Unwrap your ribs, and use a sharp knife to remove any really fatty bits. Flip the rack over and remove the membrane, if it is present, by peeling a bit up, grasping it with a paper towel, and peeling the entire sheet away.
Once your ribs are all trimmed up, rub liberally with your favorite rub, reserving a tablespoon or so for seasoning your braising sauce.
Combine 1 can pineapple juice, 2 tbsp. balsamic vinegar, 1 tbsp. minced garlic, and reserved rub. This will be your sauce for braising the ribs in the oven.
Cut a sheet of aluminum foil long enough for you to wrap your ribs completely.
Pour your newly made braising sauce in through the open end, and seal the foil tightly.
Place your wrapped and sauced ribs on a baking sheet and bake in your oven at 225 degrees for 2 1/2 hours.
Snip a hole in one corner of the foil on the upturned end. Pour the liquid into a heat-resistant vessel and cover.
Empty the reserved liquid from braising your ribs into a medium sized saucepan. Don't be alarmed if it is a strange looking conglomerate of gelatin, liquid and meaty sediments. This is good. This is flavor.
To this you will add 1/3 cup ketchup, 1/3 cup honey, 2 tbsp Worcestershire sauce, and a your favorite hot sauce to taste, I like a couple of dashes of Cholula. Whisk your ingredients together and heat over medium low heat, until reduced by half, about 30 minutes, stir every couple of minutes.

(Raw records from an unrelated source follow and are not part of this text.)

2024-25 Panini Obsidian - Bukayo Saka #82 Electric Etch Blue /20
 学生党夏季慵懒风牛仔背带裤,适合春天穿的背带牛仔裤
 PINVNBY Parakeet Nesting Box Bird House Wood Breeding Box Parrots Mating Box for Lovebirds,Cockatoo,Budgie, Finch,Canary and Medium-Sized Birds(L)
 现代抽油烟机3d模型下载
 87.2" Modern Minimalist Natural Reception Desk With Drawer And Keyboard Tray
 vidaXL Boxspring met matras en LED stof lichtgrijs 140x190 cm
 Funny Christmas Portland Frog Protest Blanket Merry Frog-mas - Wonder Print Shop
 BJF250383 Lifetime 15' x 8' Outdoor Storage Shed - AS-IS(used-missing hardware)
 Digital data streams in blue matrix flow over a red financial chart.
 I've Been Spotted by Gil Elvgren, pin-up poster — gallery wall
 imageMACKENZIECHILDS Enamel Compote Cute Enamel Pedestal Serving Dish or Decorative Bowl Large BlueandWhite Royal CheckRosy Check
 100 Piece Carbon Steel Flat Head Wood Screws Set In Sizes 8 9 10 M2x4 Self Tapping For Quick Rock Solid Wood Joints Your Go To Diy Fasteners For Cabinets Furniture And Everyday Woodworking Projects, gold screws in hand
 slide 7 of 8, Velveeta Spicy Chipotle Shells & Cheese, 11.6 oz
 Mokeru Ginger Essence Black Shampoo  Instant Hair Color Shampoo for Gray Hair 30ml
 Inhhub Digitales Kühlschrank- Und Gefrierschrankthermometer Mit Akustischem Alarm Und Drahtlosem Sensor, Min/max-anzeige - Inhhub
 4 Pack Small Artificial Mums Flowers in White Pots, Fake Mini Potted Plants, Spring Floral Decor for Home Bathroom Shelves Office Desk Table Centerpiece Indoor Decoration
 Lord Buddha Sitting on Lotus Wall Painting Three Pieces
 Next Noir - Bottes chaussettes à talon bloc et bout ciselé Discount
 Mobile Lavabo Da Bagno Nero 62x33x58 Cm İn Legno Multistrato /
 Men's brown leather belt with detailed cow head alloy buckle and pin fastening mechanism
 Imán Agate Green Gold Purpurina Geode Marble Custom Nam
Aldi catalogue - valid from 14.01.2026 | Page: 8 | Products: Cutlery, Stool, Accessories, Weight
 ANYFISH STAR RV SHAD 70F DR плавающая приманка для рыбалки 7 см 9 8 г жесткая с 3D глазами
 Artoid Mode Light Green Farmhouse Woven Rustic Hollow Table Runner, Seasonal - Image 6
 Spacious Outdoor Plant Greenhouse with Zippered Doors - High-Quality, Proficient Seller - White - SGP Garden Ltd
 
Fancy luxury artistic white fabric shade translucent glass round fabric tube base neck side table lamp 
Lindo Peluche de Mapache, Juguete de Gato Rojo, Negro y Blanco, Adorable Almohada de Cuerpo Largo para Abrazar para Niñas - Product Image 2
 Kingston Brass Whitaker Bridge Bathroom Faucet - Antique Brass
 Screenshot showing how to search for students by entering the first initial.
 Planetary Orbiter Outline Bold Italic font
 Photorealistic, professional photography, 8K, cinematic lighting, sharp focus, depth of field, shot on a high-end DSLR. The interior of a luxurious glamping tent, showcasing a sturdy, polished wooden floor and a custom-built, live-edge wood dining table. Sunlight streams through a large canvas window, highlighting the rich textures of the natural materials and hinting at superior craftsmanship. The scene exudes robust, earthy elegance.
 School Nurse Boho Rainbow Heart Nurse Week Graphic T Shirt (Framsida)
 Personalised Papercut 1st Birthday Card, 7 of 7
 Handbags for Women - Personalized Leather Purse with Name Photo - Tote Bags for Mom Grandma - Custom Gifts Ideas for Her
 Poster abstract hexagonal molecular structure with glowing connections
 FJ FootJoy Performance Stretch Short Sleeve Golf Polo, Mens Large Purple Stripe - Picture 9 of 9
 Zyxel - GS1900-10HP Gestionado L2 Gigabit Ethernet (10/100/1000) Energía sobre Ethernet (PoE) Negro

While your sauce simmers and reduces, light your charcoal and get your grill ready to receive the ribs.
Don't forget to check the sauce!
Cook your ribs on your grill, off of direct heat for 30-40 minutes. Adding a couple chunks of apple wood will really add a lot of flavor. Avoid using hickory or mesquite, as they tend to make pork sour if over smoked.
After the ribs are heated throughout and have a good color remove from the grill and make a loose fitting tent of foil to place over the ribs until the sauce is sufficiently reduced.
Slice your ribs, drizzle with delicious home made sauce, and enjoy with plenty of napkins on hand!